Regulatory Framework and Sources of Law
A MFT sits at the intersection of trust law, securities law and tax law. It is created through a declaration of trust, typically governed by the common law of trusts in Ontario and supplemented by statutory provisions such as the Trustee Act (Ontario). The trustee holds legal title to fund property and owes fiduciary duties of loyalty, honesty and care to the unitholders.
From a securities law perspective, units of an MFT are “securities” under s. 1(1) of the Securities Act (Ontario). Private pooled MFT units are typically distributed in reliance on prospectus exemptions under NI 45-106, most commonly the Accredited Investor and Offering Memorandum (OM) exemptions.
NI 31-103 registration analysis requires determining whether the trust is an “investment fund” under the Securities Act (Ontario). If its primary purpose is passive investment and it does not exercise sufficient active management of underlying issuers, it will generally meet the definition. In that case, additional NI 31-103 obligations are engaged and, where the fund is a reporting issuer, or a mutual fund to which the Instrument applies, NI 81-106 disclosure requirements may also apply.
If the trust is an investment fund, the entity directing or managing it will typically require registration as an investment fund manager (IFM). Internal discretionary management may trigger portfolio manager (PM) registration.
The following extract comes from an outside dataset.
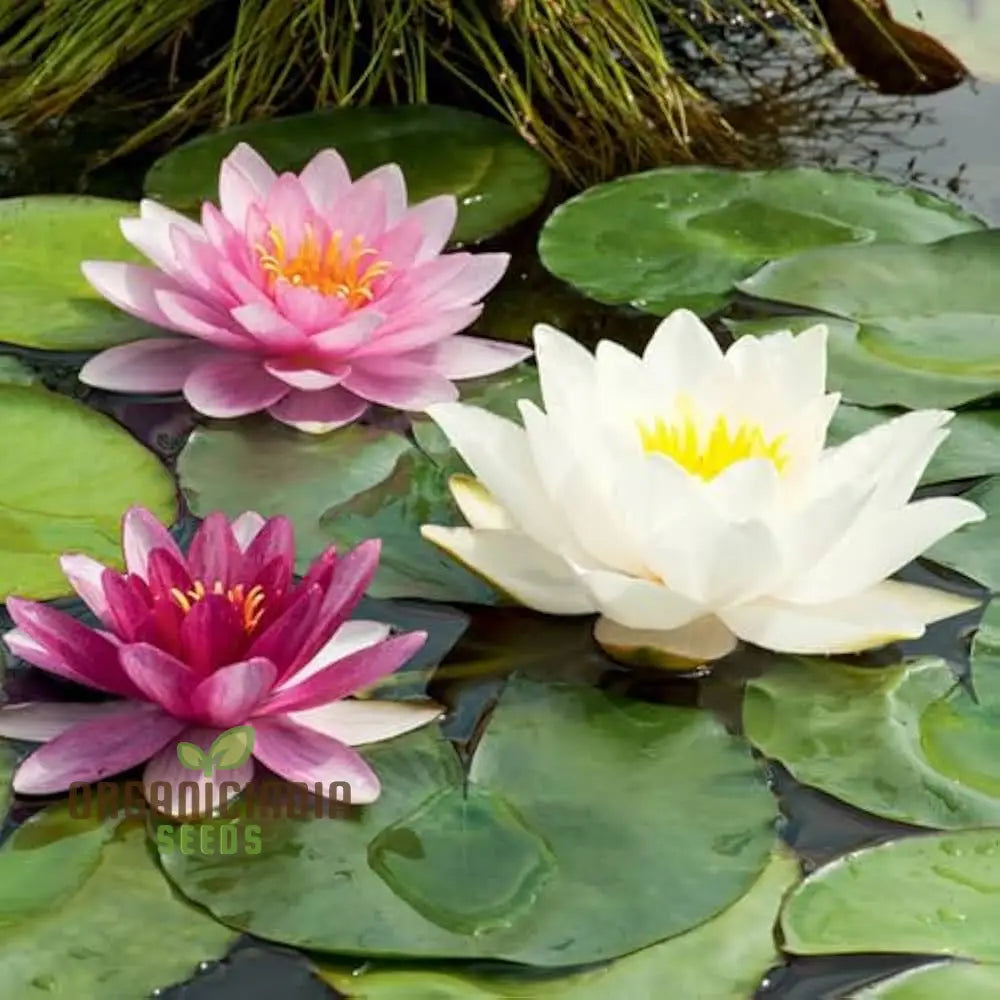 Waterlily Lotus Kamal Flower Seeds for Home Garden , Eco Pack (Red), Non GMO Flower Seeds for Gardening and Planting Ideal for Home Garden Enthusiasts Seeking Beautiful Blooms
Distribution of units will generally require dealer registration, often satisfied in private offerings through a third party registered exempt market dealer (EMD) under NI 31-103, s. 8.5.
Notably, tax classification as a “mutual fund trust” under the Income Tax Act (Canada) is a separate analysis from securities law classification as a “mutual fund” or “investment fund.” A trust may meet one definition and not the other. Each regime must be assessed independently at formation and on an ongoing basis.
Finally, the Income Tax Act (Canada) and its regulations play a central role. A trust that qualifies as an MFT receives favourable flow-through treatment. Qualification requires compliance with detailed conditions relating to the type of property the trust may hold, the number and nature of unitholders, and the public distribution of units.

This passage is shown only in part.